In the 1960s, as much as 20 percent of California's budget was put into capital projects, such as new schools, transportation, infrastructure and water projects, he said. Today, public investment in the state for capital projects is about 2 percent, which doesn't even allow for keeping up with the depreciation of existing infrastructure, he said.

A Forbes article noted how one of those infrastructure investments, the State Water Project, was designed for a population of 25 million people, has been little changed and currently serves a state with 35-40 million people within its borders. Its highways, a recent headline said, "are some of the poorest in the nation and rapidly getting worse."

A year ago, the Bay Area Council Economic Institute pegged the cost of California's unfunded infrastructure needs at up to $737 billion and possibly as much as $765 billion.

In the same era as the original investments were made, housing in the state was about 35 percent higher than in the rest of the country, Ohanian said. But land restrictions since then have driven such prices to 200 percent higher than the national average. To increase affordability, he said, the state needs to ease some of the restrictions to make it easier and less expensive to build.

The state's once top public schools now rank near the bottom among the states. Two reasons for that, he said, are teacher tenure rules that keep the worst teachers employed and a lack of merit-based pay.

On energy, Ohanian said, while the state prides itself on reducing carbon emissions, its efforts make very little difference in the whole scheme of things. But the price Californians are paying for that reduction, perhaps $30,000 per household, only make affordable housing out of the reach of more residents, he said.

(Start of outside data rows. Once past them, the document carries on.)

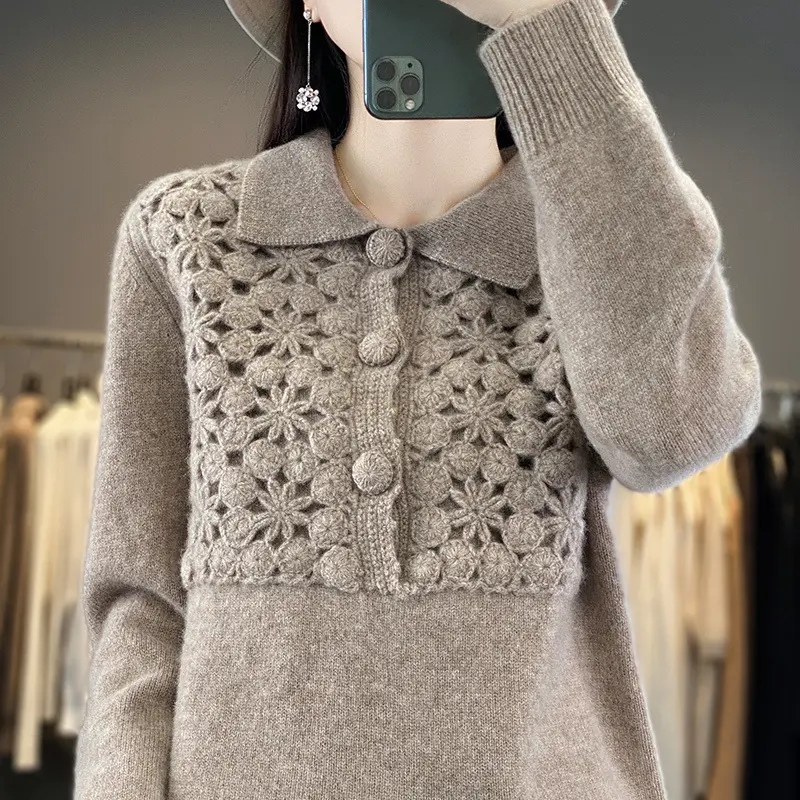 Damen Strickpullover mit gehäkelter Ajour‑Blende und Polokragen Drune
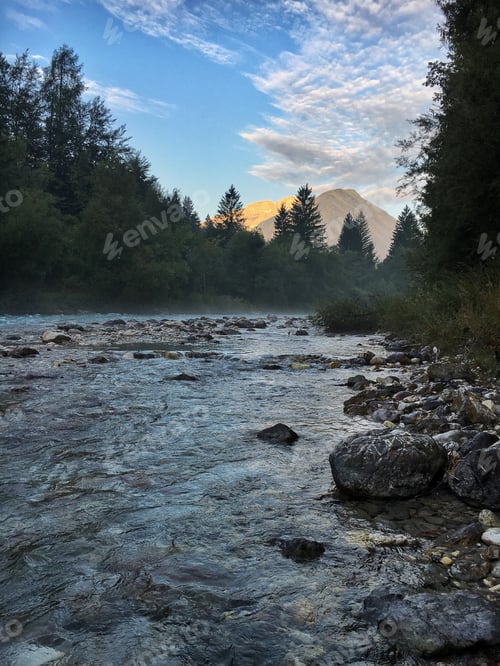 Preview: Morning at the river Sava in Slovenia.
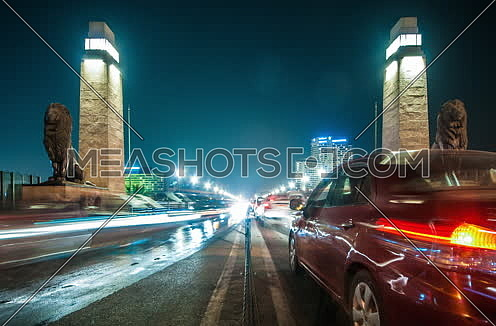 Fixed Shot for Qasr Al Nile Bridge at Night 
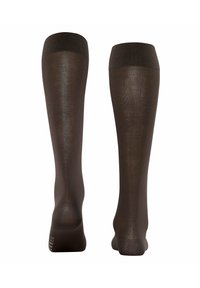 Braune knielange Socken mit einer glatten Textur und einfarbigem Design. Rippbündchen an der Oberkante sorgen für einen sicheren Sitz.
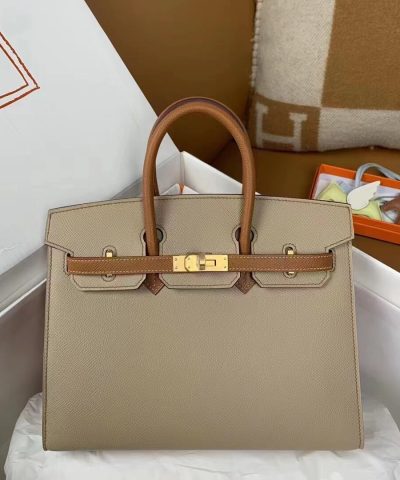 Replica Hermès Birkin Trench Brown Frosted - 1:1 premium replica handbag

Ironically, he said, the increased costs of housing and energy drive residents farther from the city, increasing their use of cars and other transportation, and the attendant pollutants.

What Ohanian touches on very little is where California's money is spent. Despite its now less-than-stellar schools, the state spends one-third of its money on them. Its 2018 budget also allotted $105.6 billion for health care, mostly through the state's Medi-Cal program for low-income residents, of which more than one in three Californians are part. Those residents are also funded for dental and vision services.

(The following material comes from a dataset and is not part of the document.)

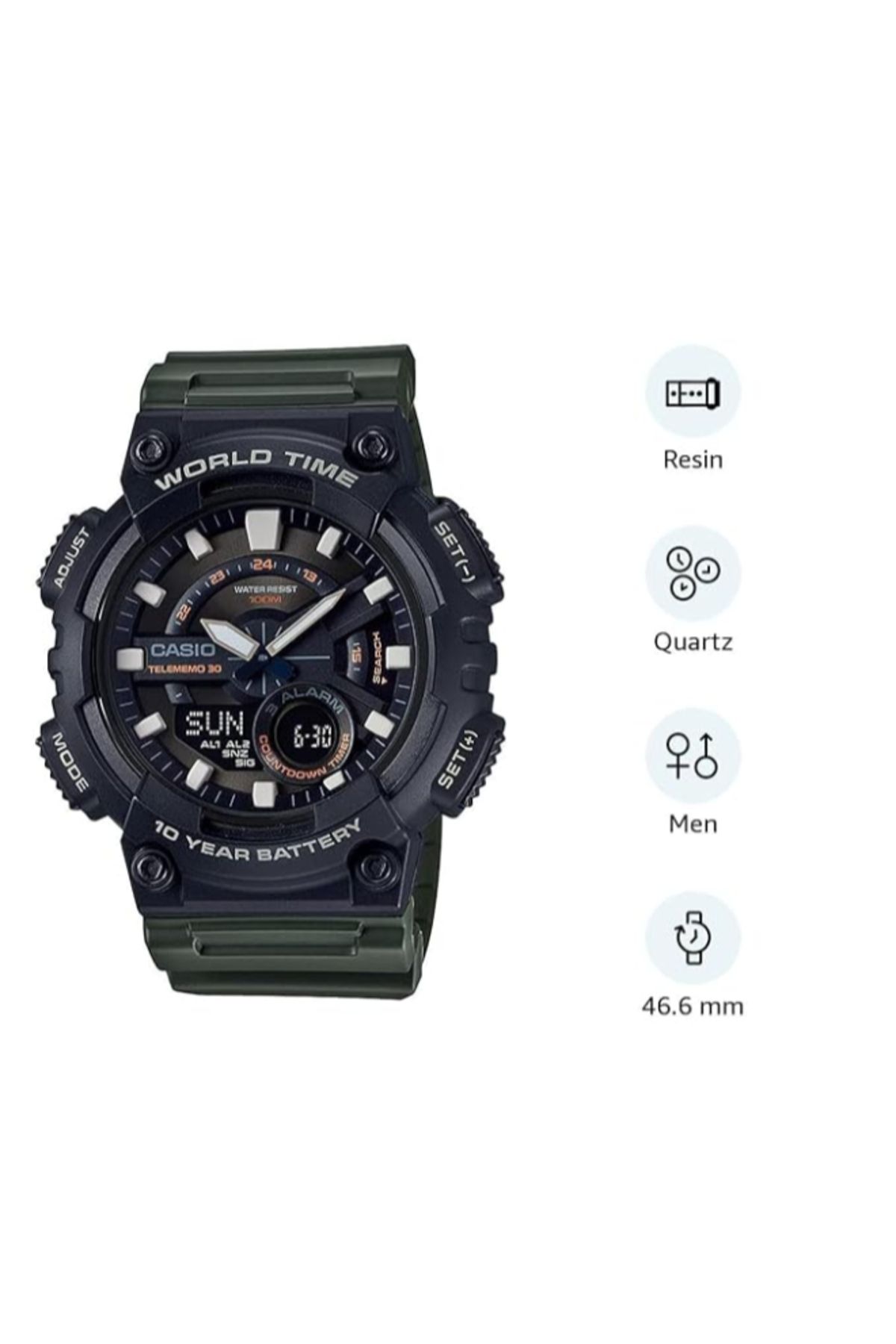 Casio-CASIO Men's Analog Black Dial Watch - AEQ-110W-3A 3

A now 3-year-old program also provides cash payments to those who earn too little to pay state income taxes, and the threshold to get on that list has widened significantly.

Indeed, California's spending on the financially needy - $103 billion, according to a November 2017 report - is more than that spent by the next two states on the list combined.

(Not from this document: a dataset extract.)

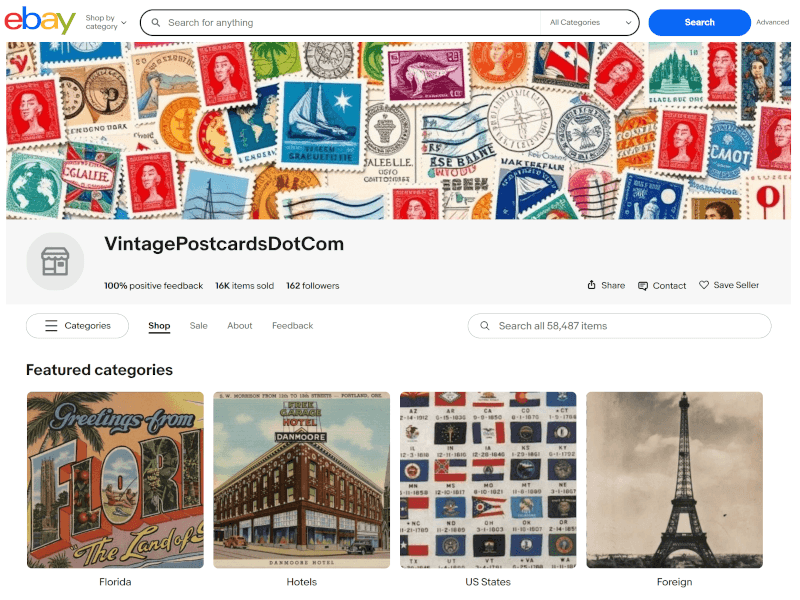 VintagePostcardsDotCom eBay Store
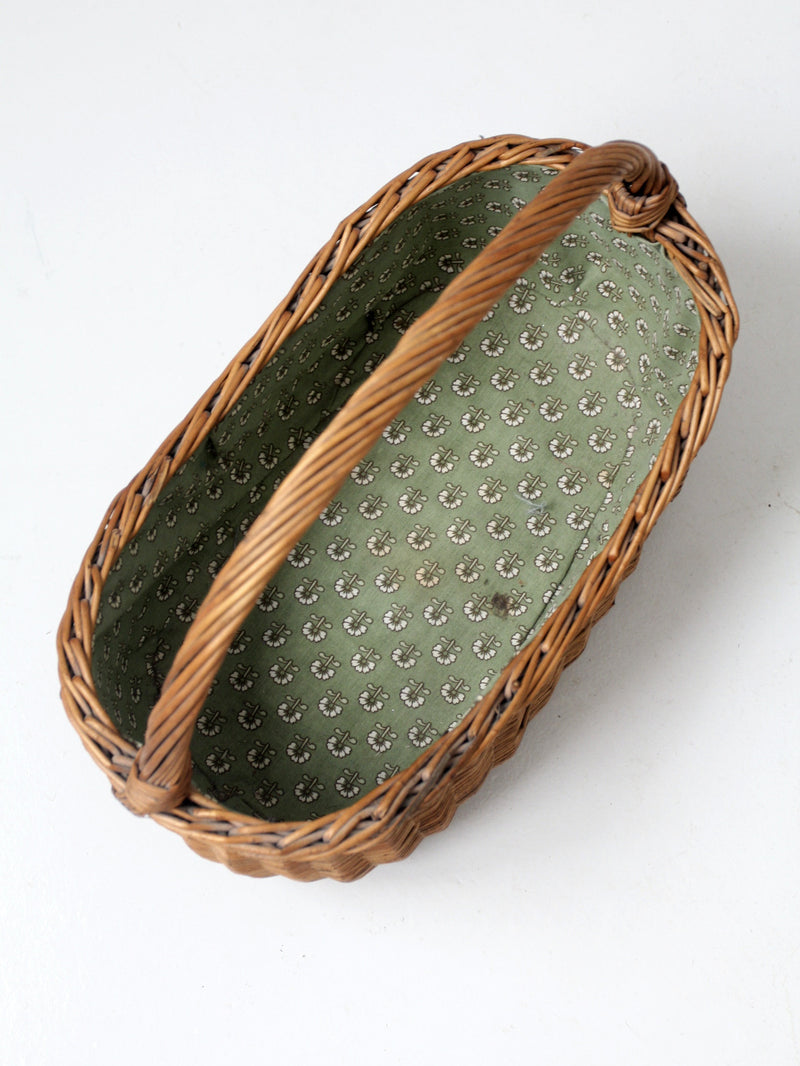 vintage lined wicker basket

Huge outlays also go to the pensions of public-sector employees. Current projections, according to the Los Angeles Times, show that, minus big changes, those funds soon will come up billions of dollars short of future obligations.

Further, California's debt has been variously estimated to be between $1.3 trillion to $2.3 trillion.

Its situation, according to demographer Joel Kotkin, quoted in Forbes, is a "state run for the very rich, the very poor and the public employees," and, according to a study by U.S. News, "ranks dead last among U.S. states in quality of life."

California, in other words, has lost its way. It sought to be a government-run panacea and is on its way to being a U.S. Venezuela. It's one very good reason voters should think twice about putting candidates who espouse such government-as-nanny policies in place.